### [TASK TO CARRY OUT]
Though the entries hold pictures, only their text should be duplicated, exactly and in full.

--- START ---

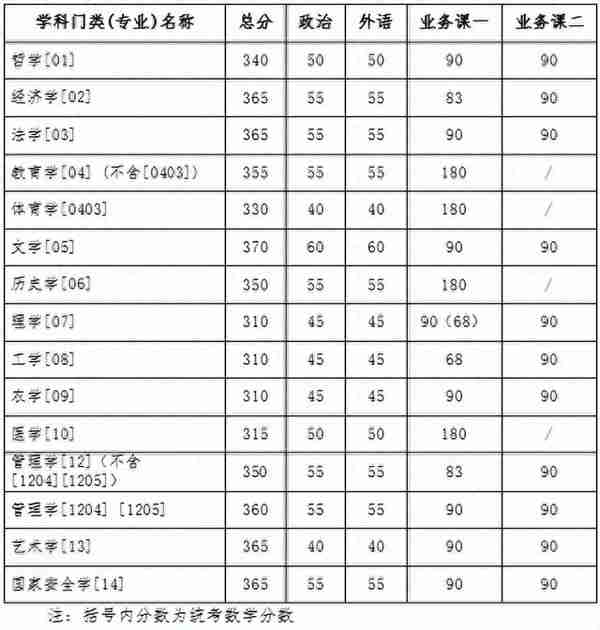 考研快讯：8所自划线高校已公布2023考研复试分数线！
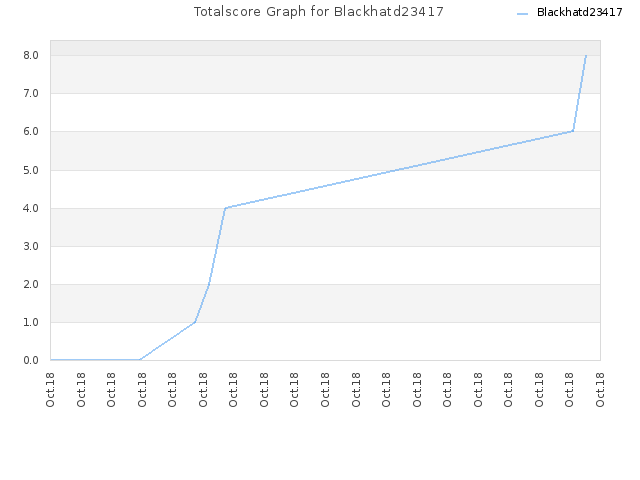 Totalscore Graph for Blackhatd23417
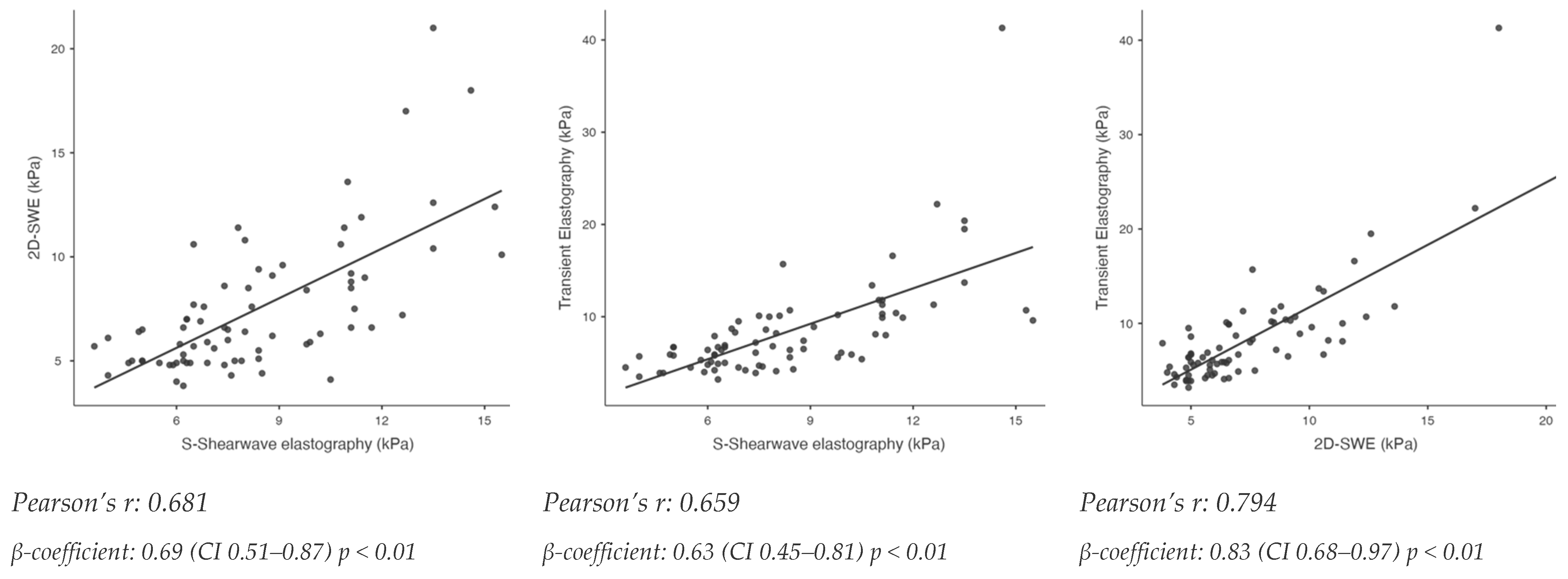 Biomedicines 13 00138 g001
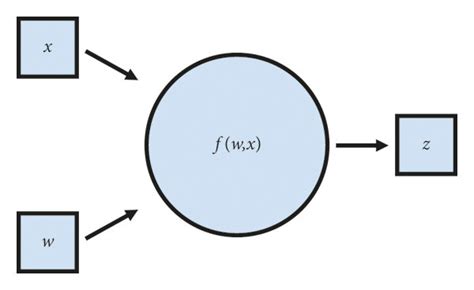 Mechanism of forward and backward propagation. (a) Forward propagation... | Download Scientific ...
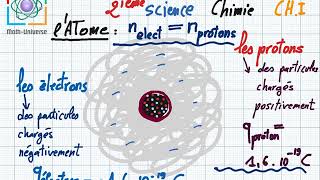 latome structure de la matière lélément chimique 1ere année et 2ieme anée Sciences et info [upl. by Notirb]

--- END ---

### [SOLUTION FOR THIS PROBLEM]
 考研快讯：8所自划线高校已公布2023考研复试分数线！
 Totalscore Graph for Blackhatd23417
 Biomedicines 13 00138 g001
 Mechanism of forward and backward propagation. (a) Forward propagation... | Download Scientific ...
 latome structure de la matière lélément chimique 1ere année et 2ieme anée Sciences et info [upl. by Notirb]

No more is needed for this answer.